Hickenlooper wrote in The Washington Post in an article titled, “The Green New Deal sets us up for failure. We need a better approach”:
… given the scope of the threat of global climate change, it is also imperative we approach it correctly. Some versions of the Green New Deal, such as the resolution from Rep. Alexandria Ocasio-Cortez (D-N.Y.) and Sen. Ed Markey (D-MA) that the Senate is set to vote on Tuesday, express laudable aims but also take an approach that limits our prospects for success.”
Hickenlooper noted that the resolution “sets unachievable goals,” acknowledging, “We do not yet have the technology needed to reach ‘net-zero greenhouse gas emissions’ in 10 years.” He noted dryly, “ That’s why many wind and solar companies don’t support it.”
He articulated other quibbles: “There is no clean substitute for jet fuel. Electric vehicles are growing quickly, yet are still in their infancy. Manufacturing industries such as steel and chemicals, which account for almost as much carbon emissions as transportation, are even harder to decarbonize.”
Hickenlooper even admitted that the Green New Deal’s proviso to initiate a job guarantee, with full benefits for every American, would cause “a massive expansion of government” that would not be achievable in the near future.
Yet Hickenlooper still favors an expansion of government; he wrote, “My version of a Green New Deal would also involve historic federal investments and incentives in electric storage, modern transmission and science to nurture the industries that will serve as the pillars of the clean economy we need to save our planet.”
In 2017, Hickenlooper supported a lawsuit filed by environmentalist groups against Scot Pruitt, the head of the EPA and the EPA itself. The lawsuit claimed the EPA acted unlawfully when it attempted to delay implementation of methane emission standards created in 2016.

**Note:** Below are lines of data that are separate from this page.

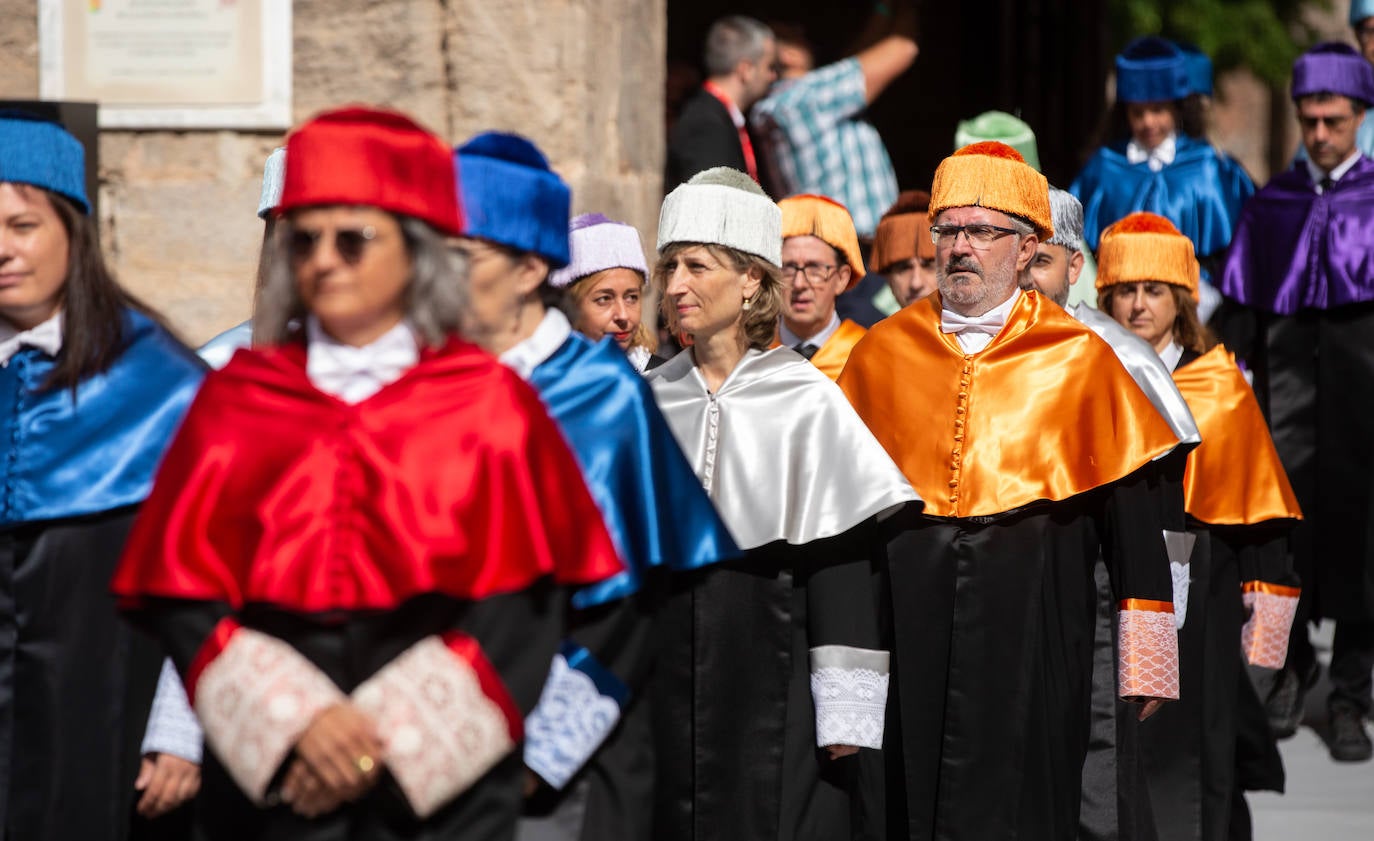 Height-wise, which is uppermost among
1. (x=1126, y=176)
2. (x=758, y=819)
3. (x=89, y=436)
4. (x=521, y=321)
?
(x=1126, y=176)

Yet Hickenlooper also has been warm to the fracking industry; he claimed he once drank CleanStim, a fluid used in hydraulic fracturing, in order to show environmental groups that fracking was not the frightening prospect they assumed it to be. He recalled, “He [Halliburton CEO Dave Lesar] pulled a jar of frack fluid from his pocket, a jar of CleanStim. I asked him if I could take a swig. He asked me if I was serious. I said yes. I unscrewed the jar, took a swig, and while I’m not going to stand here and say that it’s something that I’d have with a steak, it went down easy enough.”
He continued, “I think horizontal drilling can work for us, not against us. Technology continues to advance and we’ll increase the distance from drilling and insulate communities from what is admittedly an industrial process. Colorado has one of the strongest setback rules in the country.”
In the end, though, writing in the Post, Hickenlooper bowed before Ocasio-Cortez, writing that she “and others have succeeded in galvanizing the country around climate change as never before.”